Bank supervision and consumer protection should not be separated, Federal Reserve Chairman Ben Bernanke said in a letter to a U.S. lawmaker obtained by Reuters on Wednesday regarding the Obama administration's proposal to create a Consumer Financial Protection Agency.
We believe that prudential supervision and consumer compliance supervision are complementary and should not be separated, Bernanke wrote to Republican Representative Spencer Bachus in the letter dated July 28.
Bernanke's statement was one of the clearest signals so far of the Fed's position on the administration's proposal to strip the central bank and other bank regulators of consumer protection duties and centralize them in a new agency.
A stand-alone consumer protection agency is a centerpiece of Obama's redesign of government financial supervision after the financial meltdown.
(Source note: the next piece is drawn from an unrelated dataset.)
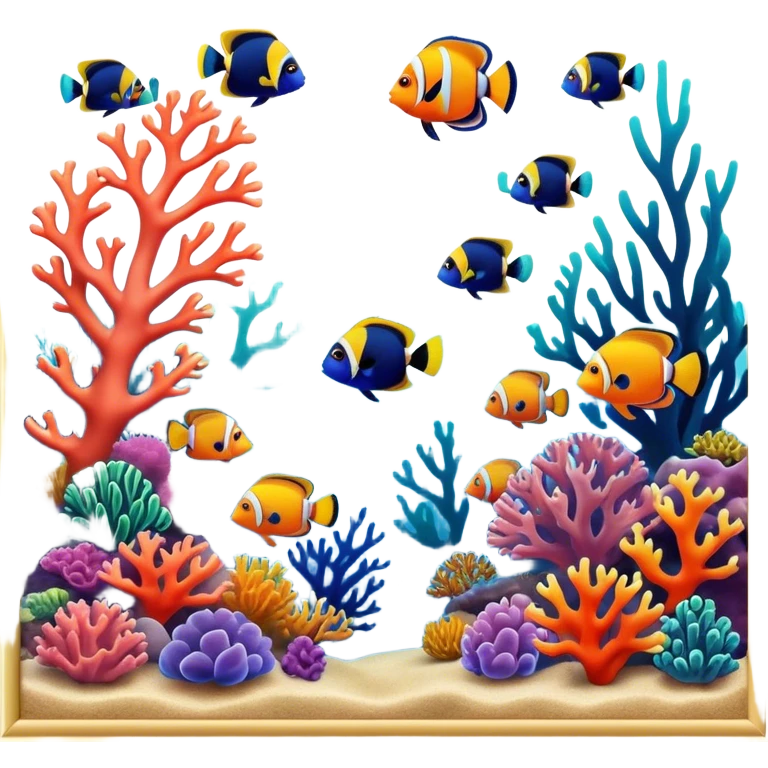 Great Barrier Reef Landmark Emoji – Featuring colorful coral formations and tropical fish. emoji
Such an agency would prevent the kinds of risky lending that many analysts believe pushed borrowers into loans they could not repay and contributed to the crisis, the administration says.
However, the Fed has been ambivalent about letting go of consumer protection functions, despite criticism that its light regulatory touch failed to halt harmful practices.
The Federal Reserve has the resources, the structure and the experience to execute an ongoing comprehensive program for effective consumer protection in financial services, Fed Governor Elizabeth Duke told Congress in July.
In his letter, Bernanke acknowledged that an independent consumer protection agency might gain a single-minded focus on shielding users of financial products and might be more inclined to act to deter harmful practices than an agency with a range of responsibilities.
But he also said the Fed believes there are efficiency and information advantages to be gained from housing consumer protection responsibilities in a single agency.